# RNN的使用

本文使用LSTM来做Mnist分类

## 加载Mnist数据

In [1]:
import tensorflow as tf
import numpy as np

# 加载数据用keras
mnist = tf.keras.datasets.mnist
(train_data, train_label), (test_data, test_label) = mnist.load_data()

def convert_to_one_hot(y, C):
    return np.eye(C)[y.reshape(-1)]

In [2]:
train_data, test_data = train_data/255.0, test_data/255.0
train_data = train_data.reshape([-1, 28, 28])  # (batch_size, n_steps, n_inputs)
train_label = convert_to_one_hot(train_label, 10)  # (batch_size, n_classes)

## 设置RNN参数

In [3]:
lr = 0.001
train_iters = 50
batch_size = 128
n_inputs = 28  # 每个单元的输入维度
n_steps = 28   # 时刻数目
n_hidden = 128
n_classes = 10

## 使用LSTM分类

In [4]:
inputs = tf.placeholder(name="inputs", shape=[None, 28, 28], dtype=tf.float32)
labels = tf.placeholder(name="labels", shape=[None, 10], dtype=tf.float32)
print("Inputs:", inputs)
print("Labels:", labels)

Inputs: Tensor("inputs:0", shape=(?, 28, 28), dtype=float32)
Labels: Tensor("labels:0", shape=(?, 10), dtype=float32)


In [5]:
with tf.variable_scope("test", reuse=tf.AUTO_REUSE) as scope:
    # 建立一个RNN CELL，需要给隐藏层的数目
    cell = tf.nn.rnn_cell.LSTMCell(num_units=n_hidden)
    # 设置初始的状态
    state = cell.zero_state(batch_size, dtype=tf.float32)
    # 这里其实是执行了时序上的连续操作
    outputs, final_state = tf.nn.dynamic_rnn(cell, inputs, 
                                             dtype=tf.float32, 
                                             initial_state=state)
    print("All outputs:", outputs)
    print("Final state:", final_state)
    
    w = tf.Variable(tf.random_normal((n_hidden, n_classes)), dtype=tf.float32)
    b = tf.Variable(tf.zeros((n_classes, )), dtype=tf.float32)
    pred = tf.matmul(final_state[1], w) + b
    print("Pred:", pred)
    
    #loss = tf.reduce_mean(tf.reduce_sum((-labels*tf.log(pred)), 
    #                           reduction_indices=[1]))
    # 调用必须要使用logits=*和labels=*
    loss = tf.reduce_mean(tf.nn.softmax_cross_entropy_with_logits(logits=pred, labels=labels))
    train = tf.train.AdamOptimizer(lr).minimize(loss)
    
    # 计算准确度
    correct_pred = tf.equal(tf.argmax(pred, 1), tf.argmax(labels, 1))
    accuracy = tf.reduce_mean(tf.cast(correct_pred, tf.float32))

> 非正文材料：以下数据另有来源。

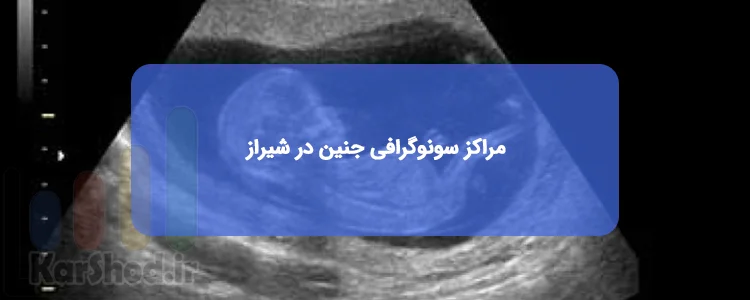 سونوگرافی جنین در شیراز سونوگرافی جنین در شیراز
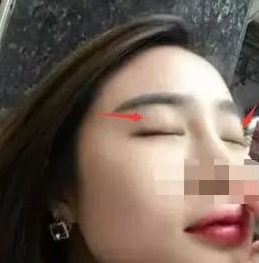 做双眼皮手术失败修复找重庆超雅的梁医生877 做双眼皮手术失败修复找重庆超雅的梁医生877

All outputs: Tensor("test/rnn/transpose_1:0", shape=(128, 28, 128), dtype=float32)
Final state: LSTMStateTuple(c=<tf.Tensor 'test/rnn/while/Exit_3:0' shape=(128, 128) dtype=float32>, h=<tf.Tensor 'test/rnn/while/Exit_4:0' shape=(128, 128) dtype=float32>)
Pred: Tensor("test/add:0", shape=(128, 10), dtype=float32)
Instructions for updating:

Future major versions of TensorFlow will allow gradients to flow
into the labels input on backprop by default.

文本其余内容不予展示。